Murphy did not agree with us. Yesterday, they spliced in the new generator transfer switch to the Bypass circuit of the UPS. This should have been a non-event since the main circuit was just fine and feeding load. Unfortunately for us, the monitor card on the UPS saw the Bypass circuit failing as a UTILITY FAIL event. What's more, it erroneously fired the ON_BATTERY event even though the UPS was not actually on battery. This started the shutdown timers on the servers with the UPS shutdown-service client on it. This is why things got Very Exiting around 8:57am yesterday, as these servers shut themselves down. On the plus side, things worked as they should. On the negative side, we were trusting a signal source that it turns out we shouldn't trust. Crap.

Then this morning. This morning they were splicing in the new transfer switch to the mains circuit, and during this time the UPS would be on Bypass leaving us on naked utility power. Once done, the new generator would be supporting the UPS. The next outage would be similar, putting the UPS on bypass, while they cut over to the new electrical panel downstairs.

Unfortunately for us, when the work was completed and we went through the UPS startup procedure, two things happened. First, we discovered that the Input breaker had tripped some time between when we shut the UPS down and opened the doors to start it back up. We (actually the WWU Facilities electricians, I was just shoulder surfing at this point) flipped the breaker to the On position, which gave the datacenter a transient power flicker on the order of 50ms-100ms, which didn't bring anything down. Second, when we got to the part of the startup procedure that says 'tell the UPS to turn on,' it failed with an error to the effect of, "incorrect phase rotation, startup aborted." This caused the electricians some great concern, and they went about validating their wiring.

Which tested out fine. The phases well and truely are wired in correctly. They have very high confidence in this. Which leaves something in the UPS being wonky. So they call the UPS vendor, who ends up sending a technician up from Seattle to look things over. He should be here any time now. Meanwhile, we've been on naked utility power since 7am this morning.

The electricians are very concerned about that Input breaker tripping. This is a 50KVA 3-phase UPS, and when those short out the arc it generates is more accurately described as an explosion. The breaker caught it, as it should, but it shows a highly energetic event was avoided. They do not have confidence that we can bring the UPS up without a blip in power to the main load. If not a full on surge if it fails the wrong way.

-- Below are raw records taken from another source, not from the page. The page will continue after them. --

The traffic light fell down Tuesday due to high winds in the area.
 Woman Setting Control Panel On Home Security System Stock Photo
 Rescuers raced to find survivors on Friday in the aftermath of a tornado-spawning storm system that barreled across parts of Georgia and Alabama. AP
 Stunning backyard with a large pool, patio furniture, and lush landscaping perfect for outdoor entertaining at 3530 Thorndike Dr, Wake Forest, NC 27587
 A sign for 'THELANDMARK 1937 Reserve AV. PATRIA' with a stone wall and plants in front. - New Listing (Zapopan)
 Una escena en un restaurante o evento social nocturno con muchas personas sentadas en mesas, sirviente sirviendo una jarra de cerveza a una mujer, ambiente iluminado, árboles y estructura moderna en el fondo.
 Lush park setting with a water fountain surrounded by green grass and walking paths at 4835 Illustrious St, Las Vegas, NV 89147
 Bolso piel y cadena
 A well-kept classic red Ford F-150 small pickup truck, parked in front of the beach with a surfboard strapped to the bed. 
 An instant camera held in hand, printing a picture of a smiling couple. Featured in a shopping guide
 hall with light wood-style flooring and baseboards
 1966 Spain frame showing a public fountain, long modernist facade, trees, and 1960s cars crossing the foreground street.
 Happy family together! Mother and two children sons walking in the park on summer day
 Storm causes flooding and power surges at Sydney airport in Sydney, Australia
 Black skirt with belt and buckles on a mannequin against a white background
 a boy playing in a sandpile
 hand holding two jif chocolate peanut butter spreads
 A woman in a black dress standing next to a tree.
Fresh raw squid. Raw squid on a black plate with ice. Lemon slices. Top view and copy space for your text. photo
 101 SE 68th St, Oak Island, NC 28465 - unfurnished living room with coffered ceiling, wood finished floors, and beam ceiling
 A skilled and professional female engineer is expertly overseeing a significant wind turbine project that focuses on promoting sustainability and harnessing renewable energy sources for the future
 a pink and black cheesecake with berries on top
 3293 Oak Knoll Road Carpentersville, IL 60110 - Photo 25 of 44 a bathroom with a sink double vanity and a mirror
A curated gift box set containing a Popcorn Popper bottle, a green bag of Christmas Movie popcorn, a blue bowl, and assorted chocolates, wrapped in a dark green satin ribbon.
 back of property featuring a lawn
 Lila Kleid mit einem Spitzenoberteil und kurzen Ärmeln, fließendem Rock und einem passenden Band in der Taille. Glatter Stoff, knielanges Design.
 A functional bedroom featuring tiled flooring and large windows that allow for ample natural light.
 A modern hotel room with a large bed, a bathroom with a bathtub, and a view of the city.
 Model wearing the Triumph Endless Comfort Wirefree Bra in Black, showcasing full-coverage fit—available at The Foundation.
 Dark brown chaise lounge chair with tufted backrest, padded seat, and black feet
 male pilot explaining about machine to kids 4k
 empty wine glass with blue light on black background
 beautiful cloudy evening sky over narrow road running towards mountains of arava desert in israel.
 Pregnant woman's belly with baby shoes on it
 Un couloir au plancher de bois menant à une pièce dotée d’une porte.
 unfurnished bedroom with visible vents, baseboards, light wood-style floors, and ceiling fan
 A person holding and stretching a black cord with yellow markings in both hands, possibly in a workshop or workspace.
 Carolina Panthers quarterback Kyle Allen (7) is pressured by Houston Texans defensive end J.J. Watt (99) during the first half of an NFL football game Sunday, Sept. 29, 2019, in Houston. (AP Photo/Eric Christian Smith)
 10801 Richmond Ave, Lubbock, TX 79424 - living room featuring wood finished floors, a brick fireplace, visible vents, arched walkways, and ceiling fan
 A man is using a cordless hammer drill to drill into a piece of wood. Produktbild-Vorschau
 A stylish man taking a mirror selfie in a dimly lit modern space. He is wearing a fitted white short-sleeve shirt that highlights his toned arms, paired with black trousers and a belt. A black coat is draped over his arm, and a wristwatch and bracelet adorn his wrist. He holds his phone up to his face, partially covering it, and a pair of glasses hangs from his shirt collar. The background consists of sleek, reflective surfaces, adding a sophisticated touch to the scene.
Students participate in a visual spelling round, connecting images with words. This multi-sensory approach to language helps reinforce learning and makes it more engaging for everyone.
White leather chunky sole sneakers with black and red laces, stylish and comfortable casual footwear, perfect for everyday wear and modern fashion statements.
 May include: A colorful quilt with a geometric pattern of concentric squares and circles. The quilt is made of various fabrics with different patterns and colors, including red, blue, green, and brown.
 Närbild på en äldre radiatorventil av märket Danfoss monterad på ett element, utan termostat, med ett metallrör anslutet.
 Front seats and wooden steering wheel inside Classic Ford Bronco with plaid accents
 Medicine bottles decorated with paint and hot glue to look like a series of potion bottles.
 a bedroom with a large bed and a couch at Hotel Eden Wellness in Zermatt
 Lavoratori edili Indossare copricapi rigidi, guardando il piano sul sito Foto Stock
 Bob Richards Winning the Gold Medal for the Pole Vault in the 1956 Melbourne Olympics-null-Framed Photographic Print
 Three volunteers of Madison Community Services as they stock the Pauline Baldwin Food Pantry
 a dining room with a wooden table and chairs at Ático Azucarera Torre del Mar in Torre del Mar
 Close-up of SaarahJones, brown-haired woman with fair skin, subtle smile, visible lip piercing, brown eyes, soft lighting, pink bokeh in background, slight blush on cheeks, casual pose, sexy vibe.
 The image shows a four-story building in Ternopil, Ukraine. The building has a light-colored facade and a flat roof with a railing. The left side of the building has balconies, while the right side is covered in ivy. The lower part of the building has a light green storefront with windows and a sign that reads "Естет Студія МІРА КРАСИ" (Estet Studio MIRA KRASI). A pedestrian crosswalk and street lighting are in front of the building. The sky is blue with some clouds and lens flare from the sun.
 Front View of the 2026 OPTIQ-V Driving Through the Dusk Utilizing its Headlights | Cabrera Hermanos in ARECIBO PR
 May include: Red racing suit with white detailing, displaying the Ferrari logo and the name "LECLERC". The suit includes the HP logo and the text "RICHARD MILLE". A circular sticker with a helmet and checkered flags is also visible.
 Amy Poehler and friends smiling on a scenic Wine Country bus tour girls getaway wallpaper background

The decision was made to prepare for shutting the whole machine room down. This is not a decision made lightly, this is the week before finals so uptime is even more critical right now. This decision will have to be made by the Vice Provost or the President, and we haven't had word yet what they've decided. We hear they're considering the full shutdown to start at 1am. We're still planning for it.

This would mark the first time since the datacenter went production back in 2000 that we've had to gracefully shut the whole thing down. The closest we've come was last September when we had to shutdown the EVA3000 in order to upgrade it to an EVA6100, and all servers connected to it had to be shut down. We're guessing that it'll take 45 minutes to get everything down, and close to 90 minutes to bring it all up in the correct order. When the room is down is when the electricians will attempt to restart the UPS.

This is an all-hands thing, and we'll have to get in contact with the University parties that have servers in there so they can either shutdown for the night, or be here to shut down in person. We've designated a pair of admins to sleep through the event so they can be fresh for the morning disasters while the rest of us sleep in.

Of course, the powers-that-be may decide to risk another UPS restart with load. Who knows.

Once a decision has been made about what to do, I'm fairly certain an all-points email will go out if we decide the full shutdown is needed. This is why we get paid the big money.

EDIT: It is official. We're taking everything down starting at 1am tonight.